_Exercise goal:_ Excluding pictures, retype the line with "Moonman Plus Size" and each line that follows it to the end of the data below, word for word.

_Extracted data:_
+ + + +

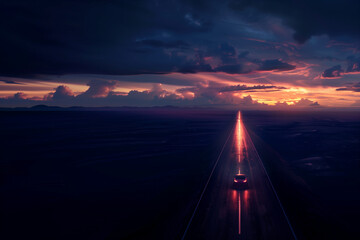 A car rides over the horizon to the light from the dark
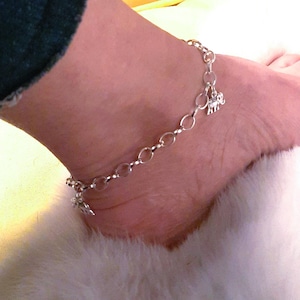 Elephant Charms Anklets, Silver Tone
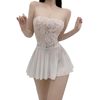 Moonman Plus Size Lace Splicing Tube Top Skirt See-Through Sexy Sexy Wear Transparent Tight Sexy Lingerie Set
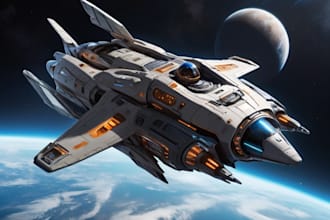 draw high quality spaceship concept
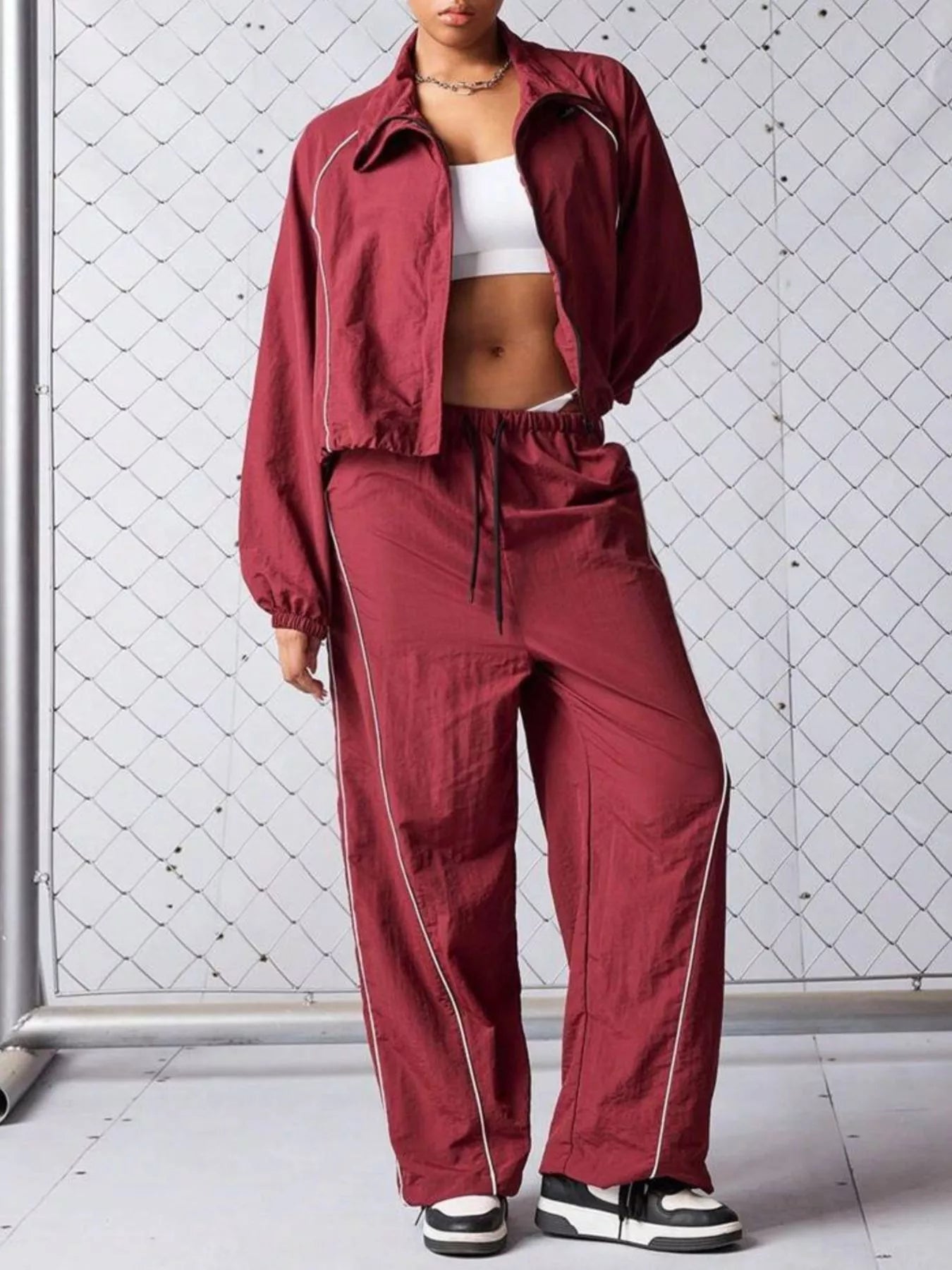 Trendsi Crop Jacket and Wide-Leg Pants Set -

+ + + +

_Exercise output:_
 Moonman Plus Size Lace Splicing Tube Top Skirt See-Through Sexy Sexy Wear Transparent Tight Sexy Lingerie Set
 draw high quality spaceship concept
 Trendsi Crop Jacket and Wide-Leg Pants Set -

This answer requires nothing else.